Fennecus zerda Skull Replica measures 3.5 inches. Fennecus zerda Skull Replica is museum quality polyurethane cast. 2-part skull (separate cranium and jaw). Made in USA. Known as Fennec Fox.
The Fennecus zerda is a small crepuscular fox found in the Sahara Desert of North Africa, the Sinai Peninsula, South East Israel (Arava desert) and the Arabian desert.
Fennecus zerda most distinctive feature is its unusually large ears, which also serve to dissipate heat. Fennec fox or Vulpes zerda name comes from the Berber-Arabic word (fanak), which means fox.
The Fennec Fox is the smallest species of canid. Its coat, ears, and kidney functions have adapted to high-temperature, low-water, desert environments.
The Fennecus zerda is the smallest canid species. Females range in head-to-body size from 13.6 to 15.6 in. with a 9.1–9.8 in. long tail and 3.5–3.7 in. long ears, and weigh 2.2–4.2 lb. Males are slightly larger, ranging in head-to-body size from 15.4 to 15.6 in. with a 9.1–9.8 in. long tail and 3.9 in. long ears, weighing at least 2.9 lb.
Its hearing is sensitive enough to hear prey moving underground. It mainly eats insects, small mammals, and birds.
Fennecus zerda is an omnivore, feeding on small rodents, lizards, geckos, skinks, small birds and their eggs, fruits and also some tubers. It relies on the moisture content of prey, but drinks water when available.
Fennecus zerda hunts alone and digs in the sand for small vertebrates and insects. Some individuals were observed to bury prey for later consumption and searching for food in the vicinity of human settlements.
Fennecus zerda digs its den in sand, either in open areas or places sheltered by plants with stable sand dunes. In compacted soils, dens are up to 1,300 sq. ft. large, with up to 15 different entrances.
In some cases, different families interconnect their dens, or locate them close together. In soft, looser sand, dens tend to be simpler with only one entrance leading to a single chamber.
Females give birth between March and June to a litter of one to four pups that open their eyes after 8 to 11 days.
Both female and male care for the pups. Fennecus zerda communicate by barking, purring, yapping and squeaking. Pups remain in the family even after a new litter is born. The pups are weaned at the age of 61 to 70 days.
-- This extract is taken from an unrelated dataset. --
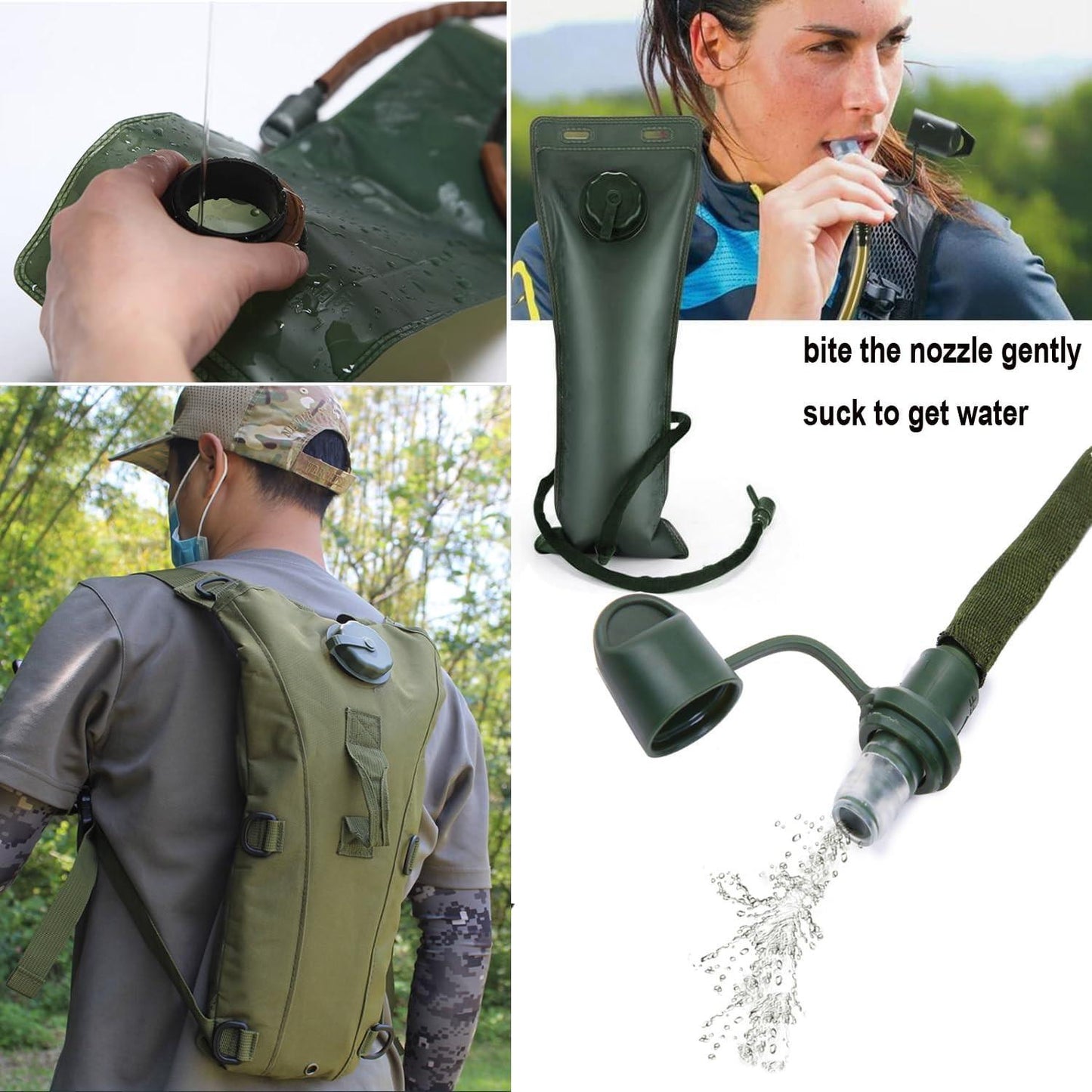 Water BagâWater StorageâHydration BackpackâCamping & HikingâFood Grade Portable Water Bagâ3LâCamouflage Color.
The Fennec Fox is bred commercially as an exotic pet. Commercial breeders remove the pups from their mother to hand-raise them, as tame foxes are more valuable. A breeders’ registry has been set up in the United States to avoid any problems associated with inbreeding.
As of 2015, the Fennec Fox is classified as Least concern on the IUCN Red List. It is listed in CITES Appendix II and is protected in Morocco and Western Sahara, Algeria, Tunisia and Egypt, where it has been documented in several protected areas.